Festival Theatre
Red Dust Road
Lyceum Theatre
Mary Brennan
four stars
The life that unfolds on-stage is, in its characters and details, quite specifically that of Jackie Kay, poet and novelist and currently Scotland’s Makar. But that life – as a mixed race child adopted in 1961 by a white Glaswegian couple – goes beyond a purely personal memoir: anyone who has been subjected to racial abuse will feel the hurt of the bigotry she endured while anyone who was brought up by adoptive parents will surely understand why – like the huge mirror-cum-portal that stands centre-stage – there’s a piece missing.
Red Dust Road, both as a book and now a play (directed by Dawn Walton, co-produced by the National Theatre of Scotland and HOME, Manchester), is powerfully connected into Kay’s 20-year search for the Nigerian birth-father and Scottish birth-mother who are the absent fragments in the ‘mosaic’ of who she is.
Not that her life with Helen and John, her adoptive parents, was anything but happy – Elaine C Smith and Lewis Howden honour the couple’s innate warmth and unconditional love without being mawkish, filling their home with Communist values and traditional Scottish culture.
Even so, Kay needs to know the who and where she comes from and so, in her forties, she travels to Abuja where the born-again Christian preacher who sired her, regards her as the sin he keeps secret. Stefan Adegbola brings a toweringly self-centred, righteous swagger to the role, and his encounters with Jackie have a boisterous energy in a production where memories – some wistful, some upbeat – arrive at a leisurely pace.
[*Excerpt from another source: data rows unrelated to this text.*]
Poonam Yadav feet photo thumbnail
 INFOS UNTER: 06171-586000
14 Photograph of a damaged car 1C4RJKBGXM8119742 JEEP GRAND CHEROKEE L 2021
In the book, those episodic memories go back and forth in time. Tanika Gupta’s adaptation is faithful to that structure, which means most of the cast have to age, grow young, then age again – Sasha Frost (as Jackie through the years) is the lynchpin here, stubborn in her quest even when her birth parents seem disinclined to acknowledge her and touchingly radiant when she starts coming into her own skin.